Wer seinen Gegner am Finger über die Seitenlinien auf dem Tisch zieht, hat gewonnen. Wie beim Boxen werden die Hakler nach Kilos klassifiziert: Leicht-, Mittel- und Halbschwergewicht. „Wer mehr als 90 Kilo auf die Waage bringt, tritt im Schwergewicht an“, erklärt Schneider. Und dann heißt es: Mann gegen Mann. Utzschneider spielt in der ersten Runde den Linienrichter. Die Männer, die sich gerade mit einem Riemen verhakt haben, hakeln seit sie sechs Jahre alt sind. „Spaß macht es wie eh und je“, sagen sie heute.
Wer den Gegner beschimpft, wird sofort disqualifiziert
Und nebenbei wird Tradition gelebt: „Hier bei uns werd no boarisch gredt, gessn, gsunga und gspuilt,“ sagt ein Einheimischer in Lederhosen und mit Schnauzer im Gesicht. Er lacht und prostet den Gästen zu. „Bitte, was?“ sagt eine blonde, groß gewachsene Frau aus Bremen. Ihr Gesicht meint: „Hilfe! Kann das mal jemand übersetzen?“
Und dann sind die Burschen thematisch in ihrem Element: Sie erzählen vom Alphornblasen, Stoahebn, Schuhplatteln, Goaßn-abtrieb und Goaßlschnalzn, das melodische Knallen mit der Geißel – alles in Mittenwald oder rund um Garmisch-Partenkirchen hochgehaltene Tradition. Und wer das Fingerhakeln einmal live erleben will, muss abends nur mal in Ohlstadt oder in einer der umliegenden Orte ins Wirtshaus gehen, wo wie an diesem Abend die Kneipe zur Wettkampfarena wird und nicht nur reichlich Schweiß fließt, sondern auch das Bier in Strömen.
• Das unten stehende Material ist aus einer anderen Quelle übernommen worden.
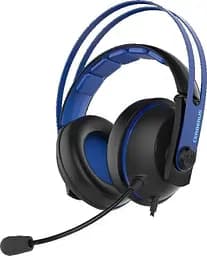 Гарнітура ігрова Asus Cerberus V2 Blue (90YH016B-B1UA00)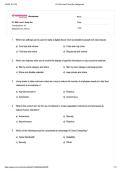 IC3 GS6 LEVEL 2 STUDY SET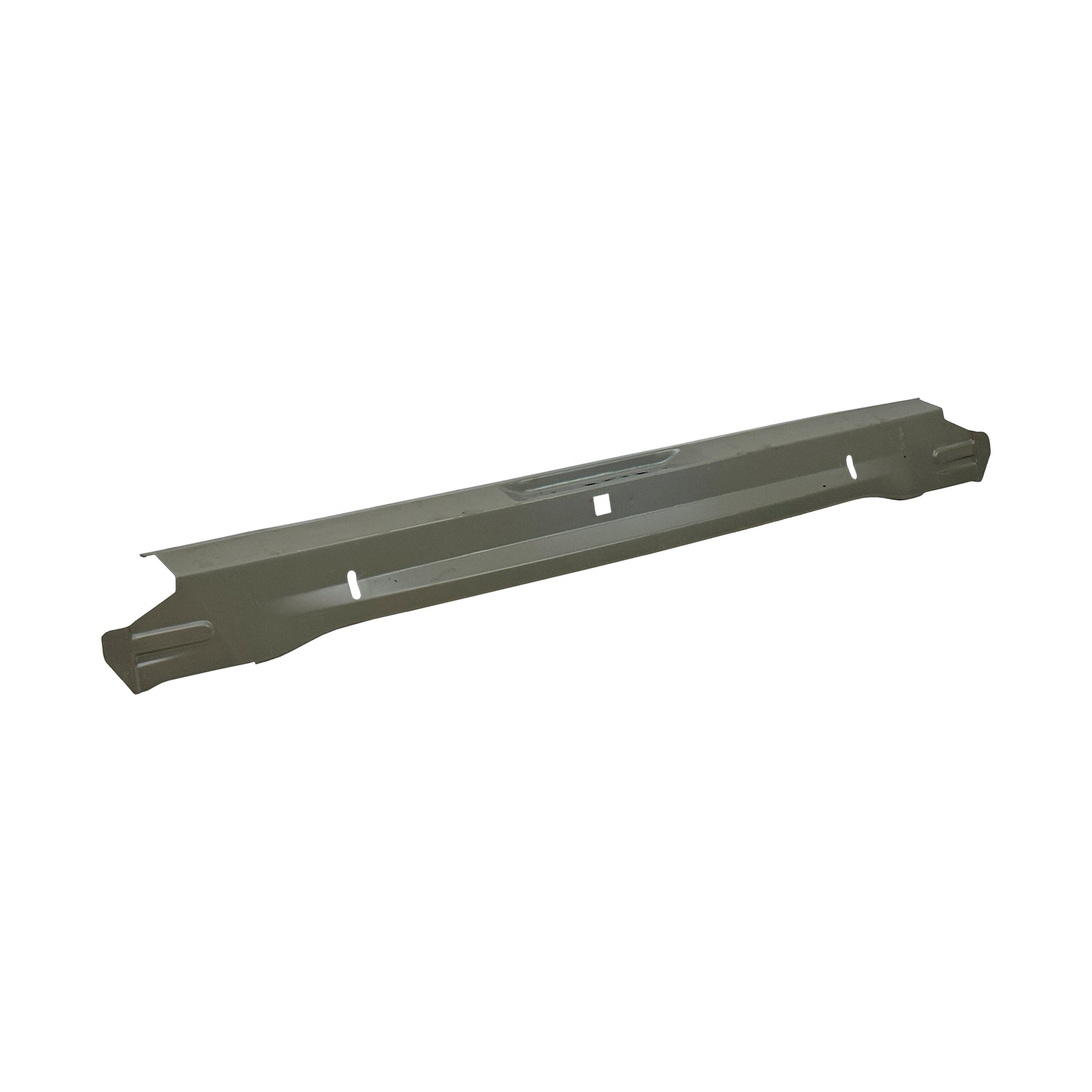 REPLACEMENT REAR CROSS BEAM OUTER PLATE, FOR FORD TRANSIT VE83S, (STEEL)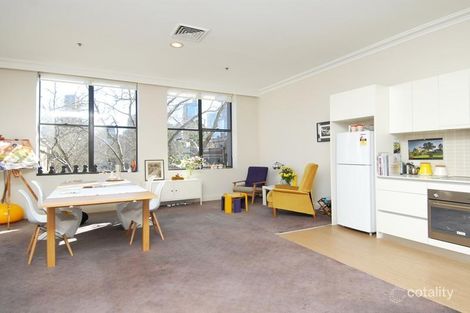 105/88 Dowling St, Woolloomooloo, NSW 2011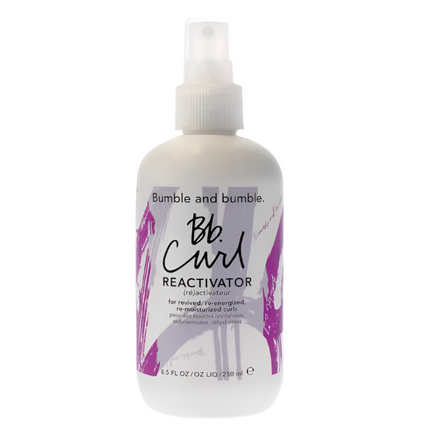 Bumble & Bumble Curl Reactivator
Kein Wunder also, dass es die Regel 44 gibt: Jeder Wettkämpfer wird mit Blick auf den Bierkonsum darin verpflichtet, „alle ausfälligen Äußerungen gegenüber dem Schiedsrichter, dem Kampfgericht oder seinem Gegner zu unterlassen“. Und meist halten sich die Wettkämpfer sogar daran. Denn Zuwiderhandlungen „werden mit sofortiger Disqualifikation geahndet“. (Claudia Schuh)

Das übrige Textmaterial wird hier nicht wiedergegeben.